Chegamos hoje ao Movimento Pentecostal moderno como um dos grandes acontecimentos do século 20. Ele surgiu com um pequeno grupo de pessoas interessadas em tornar o cristianismo anêmico e seco em um cristianismo forte e espiritual com as mesmas características da Igreja Primitiva. Esse pequeno grupo começa um movimento espiritual com ênfase na liberdade do Espírito Santo para operação de sinais e prodígios e a manifestação dos dons espirituais no começo do século 20. Um vento espiritual soprou na Europa foi para os Estados Unidos da América do Norte, cresceu e se tornou uma força significativa dentro da cristandade.

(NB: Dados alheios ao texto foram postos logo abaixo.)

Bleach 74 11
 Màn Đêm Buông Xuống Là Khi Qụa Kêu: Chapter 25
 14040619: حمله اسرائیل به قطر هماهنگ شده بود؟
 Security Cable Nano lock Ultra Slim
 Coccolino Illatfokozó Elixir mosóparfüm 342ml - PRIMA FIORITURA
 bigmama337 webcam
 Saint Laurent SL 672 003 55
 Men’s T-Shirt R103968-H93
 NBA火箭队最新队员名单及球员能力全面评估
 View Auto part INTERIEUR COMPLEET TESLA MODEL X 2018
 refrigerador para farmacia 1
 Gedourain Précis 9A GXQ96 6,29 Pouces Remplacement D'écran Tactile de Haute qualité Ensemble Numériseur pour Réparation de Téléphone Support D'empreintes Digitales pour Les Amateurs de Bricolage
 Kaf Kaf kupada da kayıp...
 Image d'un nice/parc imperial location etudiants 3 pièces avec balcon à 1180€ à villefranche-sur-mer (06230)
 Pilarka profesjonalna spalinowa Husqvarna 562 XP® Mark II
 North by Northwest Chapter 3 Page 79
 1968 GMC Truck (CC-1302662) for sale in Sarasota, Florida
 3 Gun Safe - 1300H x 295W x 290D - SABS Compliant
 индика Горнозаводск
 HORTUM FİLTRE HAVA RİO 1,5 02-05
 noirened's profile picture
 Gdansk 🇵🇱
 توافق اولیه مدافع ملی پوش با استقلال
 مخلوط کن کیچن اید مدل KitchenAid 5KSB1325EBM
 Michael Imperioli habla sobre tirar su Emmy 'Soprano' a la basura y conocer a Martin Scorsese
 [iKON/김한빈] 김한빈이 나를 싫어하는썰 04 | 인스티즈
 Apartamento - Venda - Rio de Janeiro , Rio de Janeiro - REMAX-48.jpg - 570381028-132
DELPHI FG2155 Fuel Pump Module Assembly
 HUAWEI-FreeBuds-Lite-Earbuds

O surgimento do Movimento Pentecostal moderno inicia-se em janeiro de 1901, na cidade de Topeka, Kansas, EUA, quando Agnes Ozman experimentou o batismo com o Espírito Santo manifestado com o falar em línguas entre tantos outros. O movimento espiritual de caráter pentecostal vinha sendo experimentado com intensidade desde 1850, mas foi a partir da experiência da senhora Ozman, que era aluna da Escola Teológica de Charles F. Parham, chamada Charles Parham's Bethel College, que o Movimento ganhou força. Foi nesta Escola que abriu-se no coração de Parham o desejo de conhecer mais profundamente a experiência do batismo com o Espírito Santo com o falar em línguas como evidência externa desse batismo. Posteriormente,  Parham abriu uma Escola Bíblica em Houston, Texas, e foi através dela que surgiu o pregador do movimento de santidade (Movimento Holiness) chamado William J. Seymour pregando a mensagem pentecostal. Depois de dois anos ali, Seymour foi para a Califórnia. Em 1906, em Los Angeles, após ter sido rejeitado pelos líderes do Movimento Holiness, Seymour começou a realizar reuniões de oração na famosa Rua Azuza, tornando-se, a partir de então, o grande popularizador do Movimento Pentecostal. Pessoas de várias partes dos EUA e de outros países visitavam a igreja da Rua Azuza, espalhando a chama pentecostal no mundo inteiro.

A partir desse movimento, o Espírito Santo inflamou o coração de homens e mulheres, os quais passaram a levar a mensagem pentecostal pelo mundo. Foi desse modo que o Espírito Santo trouxe para o Brasil alguns homens, entre os quais Gunnar Vingren e Daniel Berg, de nacionalidade sueca, mas vindos dos EUA em 1910.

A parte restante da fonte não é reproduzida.